Survey Design

Club Med’s Customer Survey Fail and How You Can Do Better 

Club Med's post-stay survey arrives personalised, well-timed, and immediately falls apart — images-as-content, question overload, and a hidden lead-gen form at the end. Here's a teardown of where a well-resourced brand's customer survey went wrong, and the specific mistakes that are worth not copying in yours.

By Adam Ramshaw 4 min read
Club Med’s Customer Survey Fail and How You Can Do Better 

Recently my wife and I spent some very nice time in a Club Med beach resort. These have become one our favourite vacation destinations over the years because the all-inclusive approach and range of activities make them fun and easy.

On returning to Australia I received the now common customer feedback form. As we enjoyed our time and I am a compulsive customer survey taker (it goes with the job) I leapt in.

For a big company they didn’t do so well and you can certainly do better if you don’t make the same mistakes.

Some aspects were well done:

  1. They bothered to ask at all
  2. They personalised the email with my name and even personalised the images in the survey based on the location where we had stayed. Nice.
  3. It arrived after I had time to returned from my trip.

Umm… that’s about it for the upside. On the downside we have:

Problem 1: Images for Key Message Parts

Below is how the email arrived in my inbox as I have (like many people) images turned on only for known email addresses.

Unfortunately they used images for all of the most important parts of the invite including the key call to action, aka, the survey link.
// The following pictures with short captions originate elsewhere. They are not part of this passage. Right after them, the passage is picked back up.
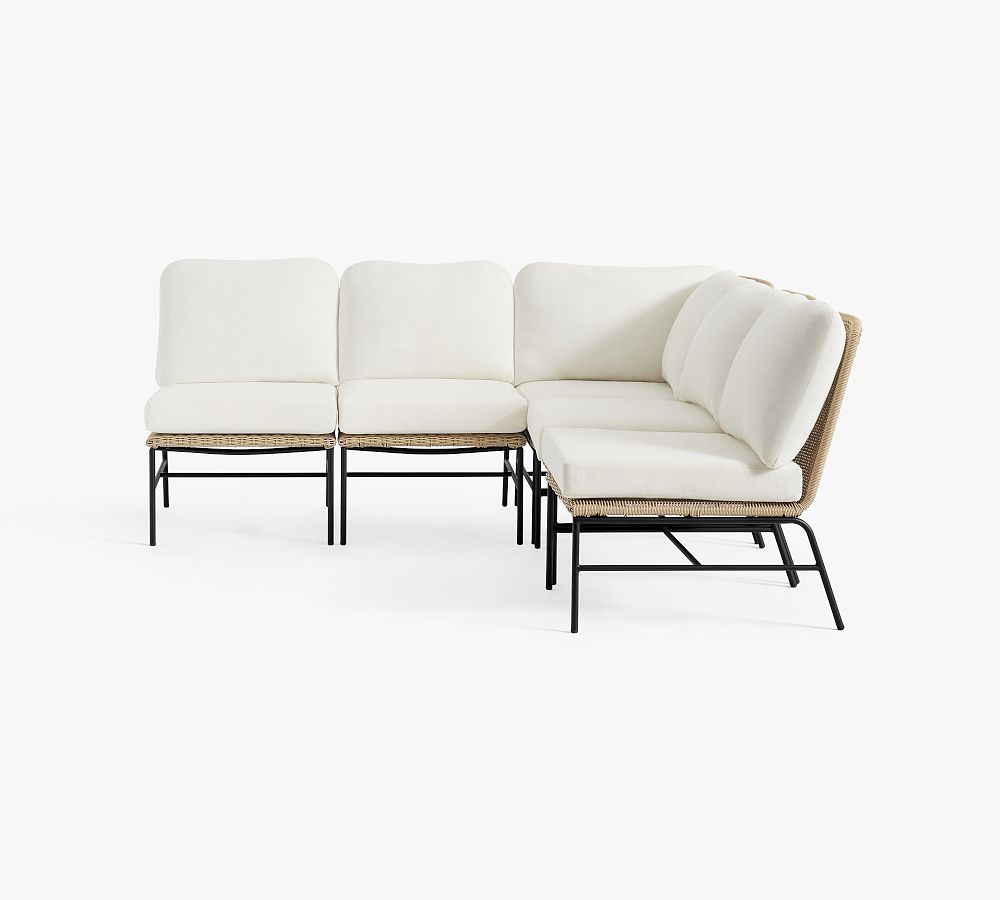 Tulum Wicker 5-Piece Armless L-Shaped Outdoor Sectional (96&quot;)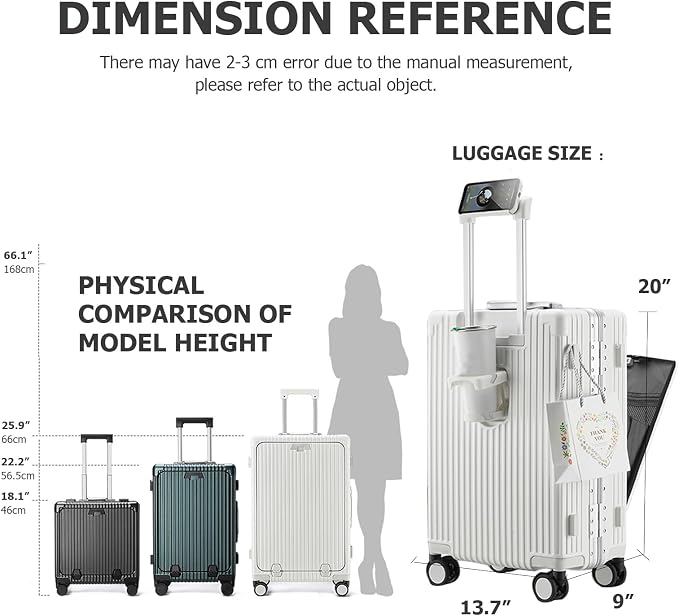 feilario 20in Aluminium Frame PC Hard Shell Spinner Wheels Luggage, Built-In - Image 3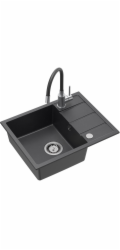 GraniteQ Dřez MIKE 116 z černé žuly, 1 dřez, s/bez (56x44x17,5) + baterie s flexibilním výtokem + sifon + zátka + černá posuvná vložka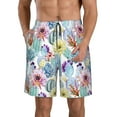 thumbnail image 2 of Uemuo Cactus Pattern Men's Swim Trunks Hawaiian Beach Bathing Suit Swimsuits Beach Quick-Dry Shorts with Pockets-XX-Large, 2 of 9
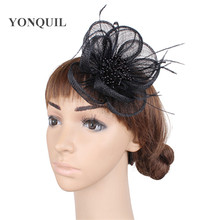 Women Attractive Sinamay Fascinator Headpiece Occasion Hair Accessories Ladies Church Hat With Fancy Feather Hair Accessories 2024 - buy cheap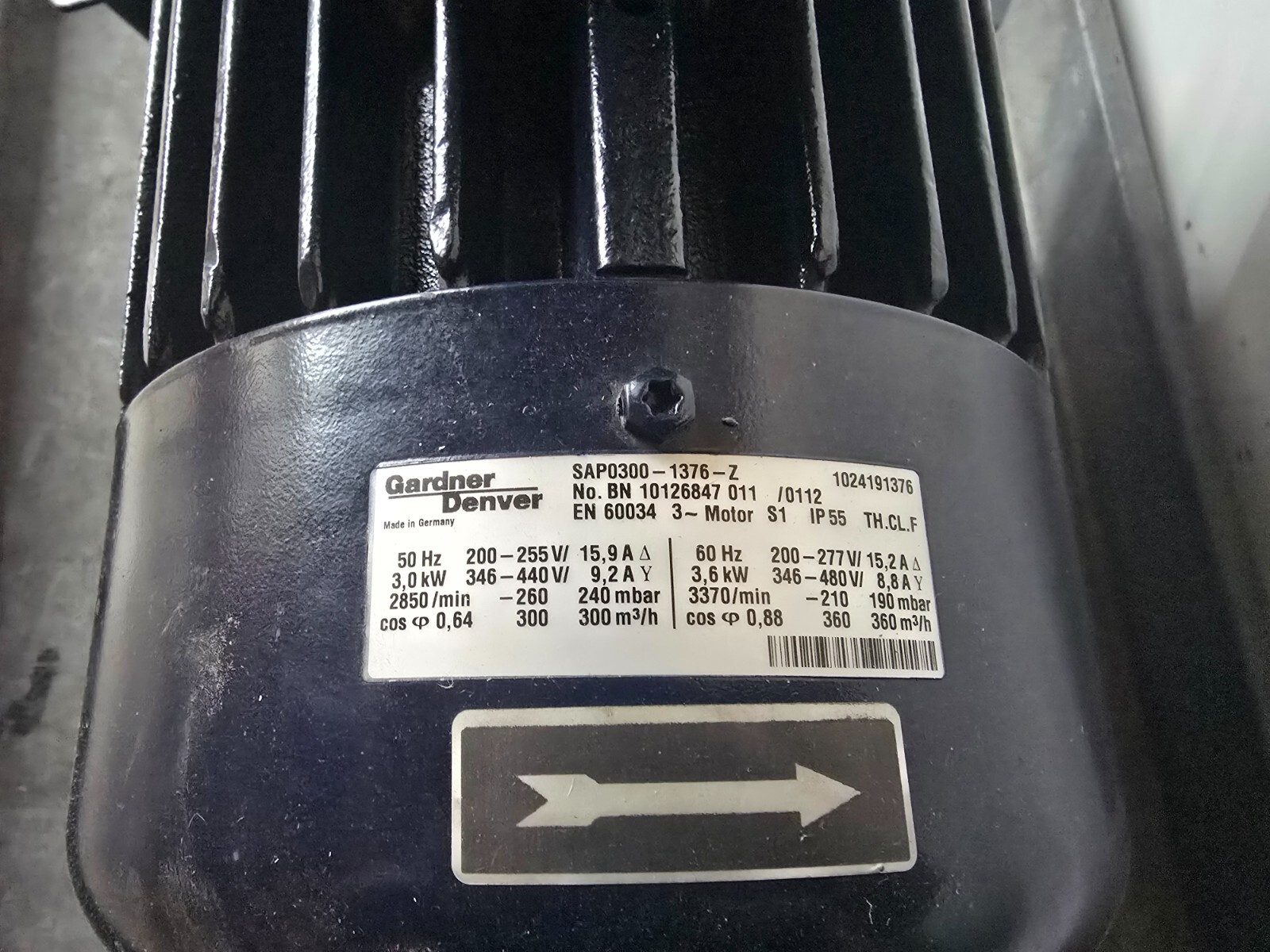 GOOD USED! GARDNER DENVER 3,0/3,6KW VACUUM PUMP SAP0300-1376-Z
From what I see below there is no way to get started on the survey if you don’t have the images showing.

cm-noimage

With image download turned on the message looks great but for many a quick “delete finger” that will be too late.

cm-image

Lesson: Make sure your invite looks good and customers can respond with images turned off.

This is a pet peeve but the sign-off is the very impersonal “Head of Quality”. For an organisation that prides itself on a friendly and fun loving atmosphere this is not “on brand”. A recent client case study showed that having a real person as the sign-off lifts response rates by 50%.

Lesson: Make sure that the invite comes from a real person.

Problem 2: Massive Question Overload

Having successfully managed to get into the survey this is the first page.

While they have very kindly given me a progress meter so I know far through I am, this one says 1%! That means I have 100 pages of questions yet to get through?

cm-1percent

Feeling somewhat squeamish about how long this was actually going to take I start clicking Next buttons. Overall there were more than 25 pages in the survey with each page having several, and more, individual questions.

There were probably around 100 questions in this feedback survey asking about every aspect of the location from the reception to the meals, and each of the activities. This is too much, way too much, for a feedback survey.

To provide thoughtful and considered feedback to this survey would have taken me more than an hour of effort. Much more than many people are prepared to invest. That means they will be receiving a very low response rates and/or poor information as people skim down the page selecting the middle scores just to get through it.

Lesson: Keep your survey short to maximise response rate and information accuracy

Problem 3: Actually It’s Just A Lead Generation Form.

On the final few pages we start to get questions like this:

cm-sales

Now our customer feedback survey has turned into a marketing and promotions engine. Customers see this stuff a mile off and it ruins any good feelings you may have generated.

Lesson: Resist the urge to do anything except collect customer feedback in your customer feedback survey. Customers sense when you have other motives.

We had a great time at club Med and have enjoyed our vacations there over the years. They are a fun and relaxed destination.

Their destinations do a great job at looking after their customers. It’s a pity their Head Of Quality, whoever they may be, doesn’t do the same.